À ce sujet, une étude réalisée aux États-Unis auprès de 1355 adultes visait à vérifier si différentes sources de stress psychologique étaient associées au gain de poids2. Les participants à l’étude étaient suivis sur une période de neuf ans. Les chercheurs ont constaté que, chez les personnes obèses, plus le stress était élevé au début de l’étude, plus le gain de poids était important pendant la période de suivi. Au contraire, chez les personnes de poids normal, un niveau de stress accru avait plutôt tendance à être associé à une perte de poids pendant les neuf années de suivi.

Pour tenter de comprendre l’augmentation de la consommation d’aliments en réponse au stress, allons voir ce que le Dr Selye a à dire sur le sujet.

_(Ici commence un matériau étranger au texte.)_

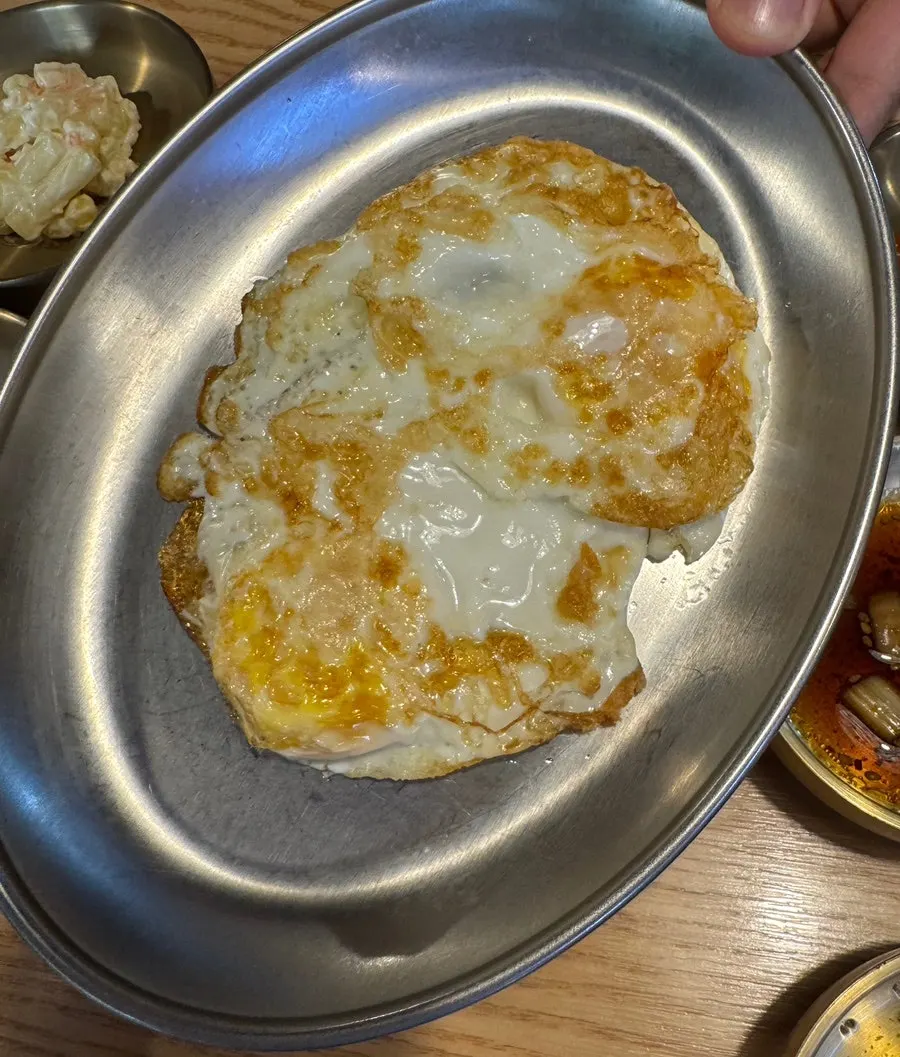 생고기와 함께 나온 천엽과 등골 접시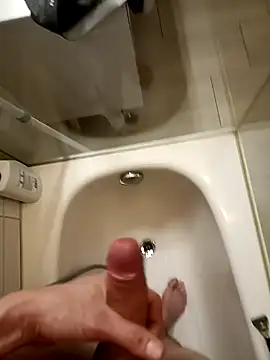 victortt online show from November 21, 2025, 6:06 pm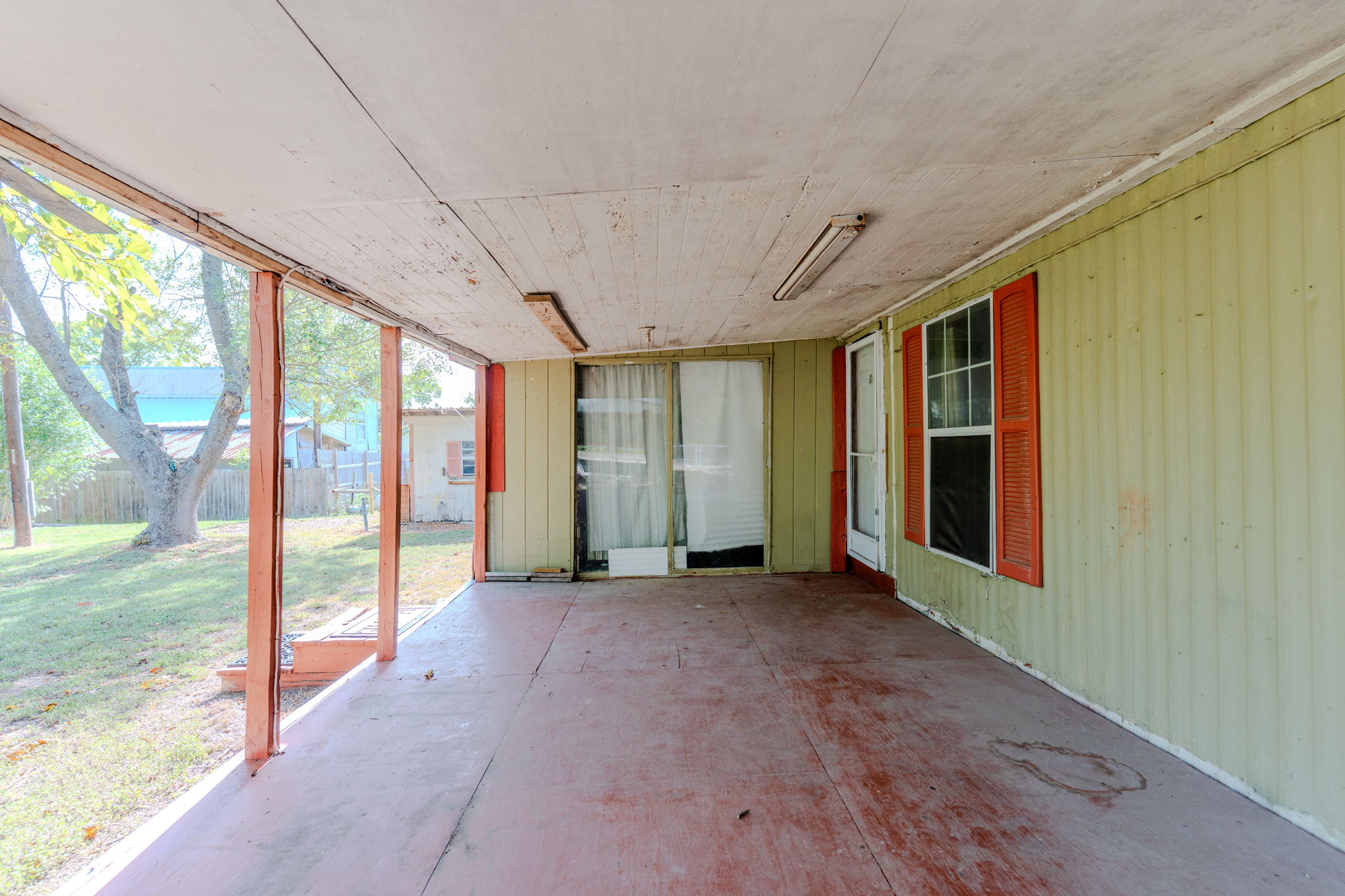 main property photo 14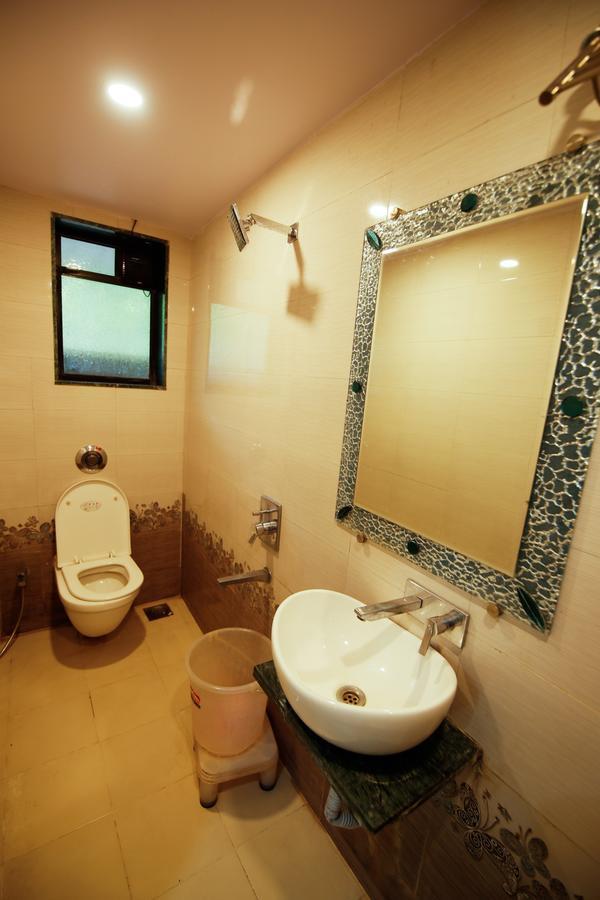 마하발레슈와르 Shindola Residency B&B 외부 사진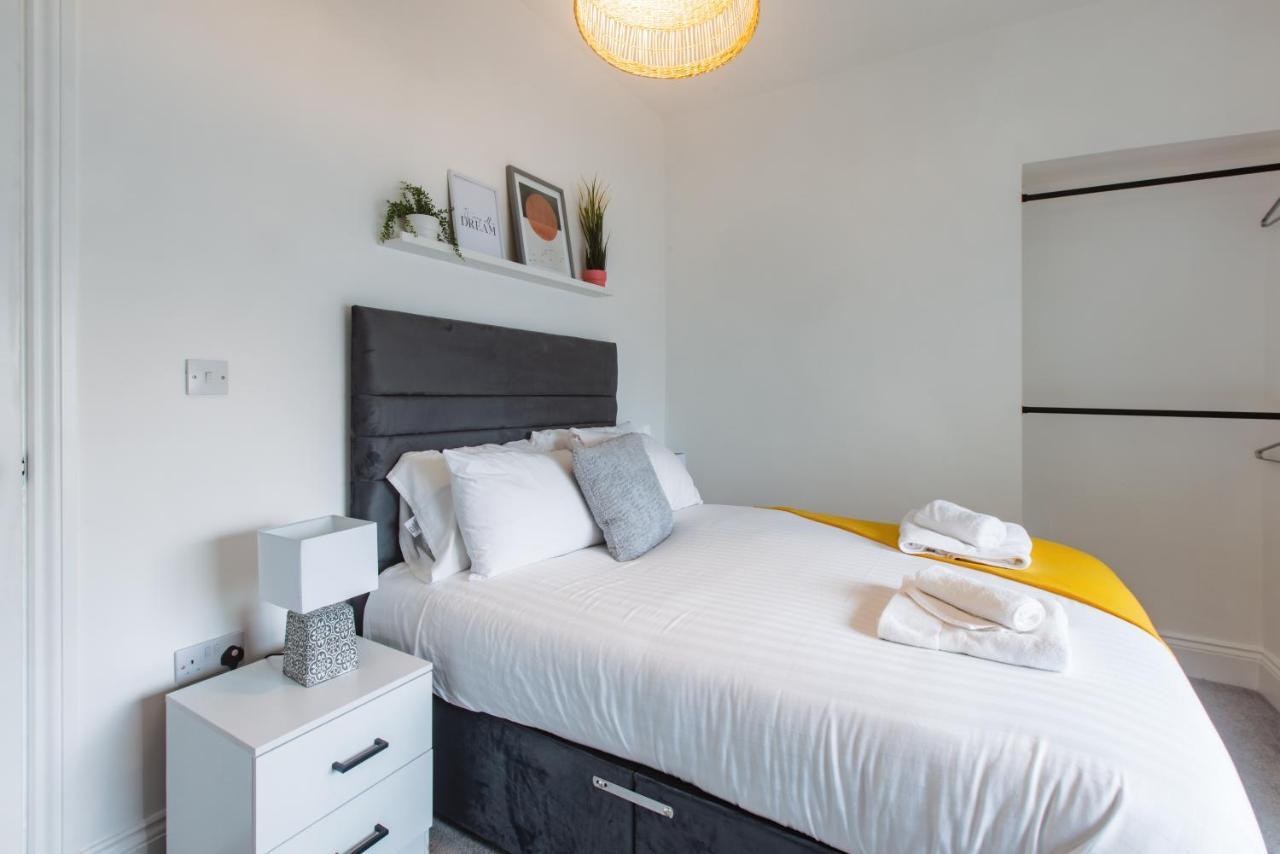 5 Roker Terrace - Seaview Apartments ซันเดอร์แลนด์ ภายนอก รูปภาพ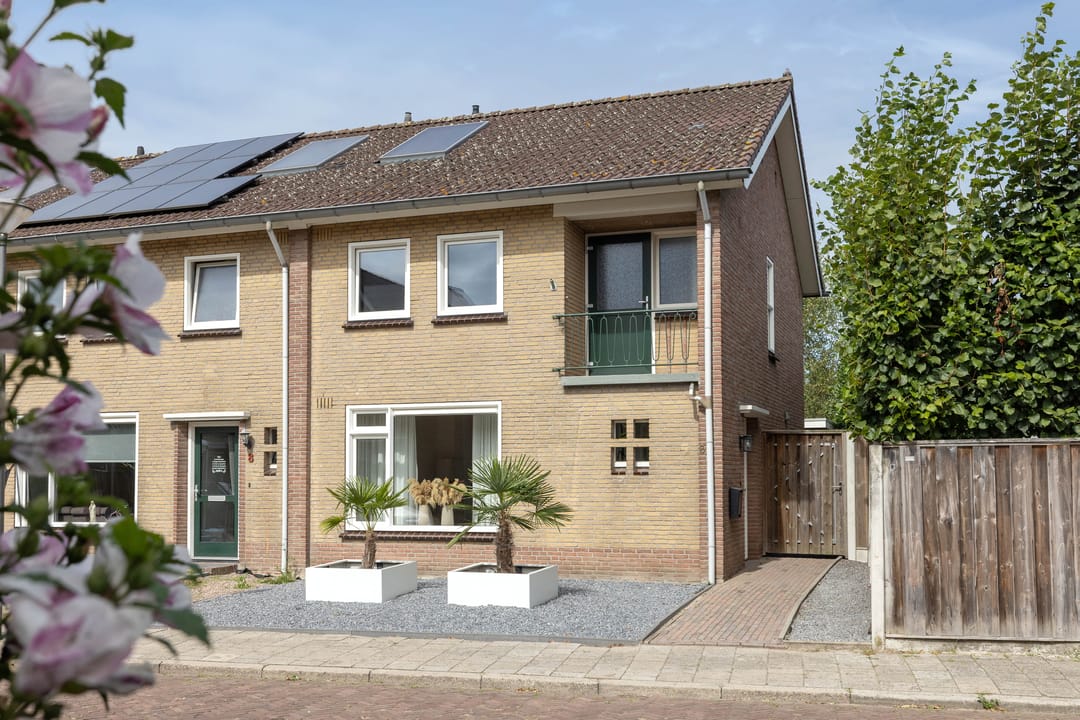 Foto 1 van Theresiastraat 6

À la page 246 du livre Le stress de la vie, il mentionne «qu’une obésité excessive peut être également une conséquence du stress notamment chez des personnes souffrant d’impression de frustration. Quelqu’un qui ne se satisfait pas de son travail ou de ses rapports avec autrui peut chercher des consolations de toute nature».

J’attire votre attention sur le mot «consolation». Dans le domaine de la recherche sur l’obésité, on aborde ce concept en parlant d’«aliment réconfort». Puisque le stress peut apporter son lot d’inconforts, il semble bien naturel de chercher à compenser en cherchant des sources de réconfort. Pour certains, le réconfort se trouve dans une conversation avec un ami ou une intense séance d’activité physique pour faire «sortir le méchant» alors que, pour d’autres, le réconfort se love dans le garde-manger. Les études suggèrent que les gens qui ont tendance à manger davantage en situation de stress se tournent plus souvent qu’autrement vers des aliments qui sont riches en calories. Puisque ces aliments sont consommés pour répondre à des besoins psychologiques plutôt qu’à des besoins physiologiques dictés par des sensations de faim, on peut comprendre pourquoi un débalancement de l’équilibre énergétique et un gain de poids sont plus susceptibles de survenir.

Des facteurs probables
Le stress fait partie de la vie, et les experts s’entendent bien sur sa recette: faible contrôle, imprévisibilité, nouveauté, ego menacé. Il est par contre difficile de saisir pourquoi les effets du stress sur la prise alimentaire peuvent être si différents d’une personne à l’autre. Des facteurs génétiques qui influencent les réponses hormonales sont probablement en cause. L’éducation pourrait également jouer un rôle. Par exemple, si nous avons appris à nous consoler avec de la nourriture, cela peut vraisemblablement avoir une incidence sur la façon dont notre prise alimentaire sera influencée par le stress. On sait également que la relation à la nourriture serait un facteur à considérer: certaines études ont montré que les personnes qui sont constamment à la diète auraient davantage tendance à se récompenser par des aliments caloriques en période de stress.

Des solutions
Si vous faites partie des gens qui subissent des changements importants, vers le haut ou vers le bas, de leur prise alimentaire sur de longues périodes où le stress ne lâche pas, la mise en place de stratégies pour mieux gérer votre stress serait fort probablement salutaire. À ce sujet, les chercheurs misent de plus en plus sur la gestion du stress dans différents types d’interventions sur le poids corporel3. Il sera d’ailleurs très stimulant de suivre les avancées de la recherche dans ce domaine!

Je profite de l’occasion pour vous souhaiter un excellent été. Je vous retrouverai avec plaisir sur mon blogue vers la fin août.

1 Selye H. Le stress de la vie. Éditions Gallimard/Lacombe, 1962.

2 Block JP, He Y, Zaslavsky AM, Ding L, Ayanian JZ. «Psychosocial stress and change in weight among US adults». Am J Epidemiol 2009; 170: 181-192.

3 Eisenberg DM, Burgess JD. «Nutrition education in an era of global obesity and diabetes: thinking outside the box». Acad Med 2015; 90: 854-860.